Божественное у Сократа добродетельно по преимуществу. Космос может состоять из атомов, по Демокриту, или из чего угодно — дело не в этом, ибо божественное выводится из божественного добра, а не наоборот. И если дельфийский оракул провозгласил Сократа мудрейшим из греков, то из этого прямо следует, что Сократ во имя добродетели должен был учить людей добродетели, чтобы сделать их более добродетельными.
Так Сократ, согласно Платону, совершил моральную рационализацию мифологии, а Аристотель — научную. Учить — это чисто практическая деятельность. Платон учил элиту элиты, маленький круг наиспособнейших, учил тому, чему, по его же словам, Сократ учил на улицах и площадях, учил кого угодно.
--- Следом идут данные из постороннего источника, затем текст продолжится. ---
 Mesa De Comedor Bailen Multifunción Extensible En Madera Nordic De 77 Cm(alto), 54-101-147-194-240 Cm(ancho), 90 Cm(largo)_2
Что изменилось за двадцать—двадцать пять лет, отделяющих старого Сократа от пожилого Платона? Сам я думаю, что изменилось время, и главное в этом изменении было то, что не было живого Сократа. Прошло время, когда он сам учил добродетели всех и никого. Но это мог делать только он; и рационально это <почему так> объяснить невозможно. Сократ мог полагать, что в принципе каждый житель Афин мог постичь то, чему он его учил, — и, соответственно, с этим жить и управлять городом и страной. Отсюда возможность, <но> не более того, демократии. С этим Платон никак не мог согласиться. Главное для Сократа было то, чему он учил, а не как: не метод, хотя уже был и метод. Анализ Платона привел к выделению метода. Но был ли он уже выделен Сократом — сказать крайне трудно. Сократ не рационализировал своего истока, истока своей мудрости.
Возвращаюсь к тому, с чего начал: кому нужен Сократ, если время его в прошлом? В прошлом уже для учеников его учеников. Что же говорить о нас через две с половиной тысячи лет? Ответ: мы от Сократа не дальше, чем ученики его учеников. Он учил самосознанию, у которого нет времени.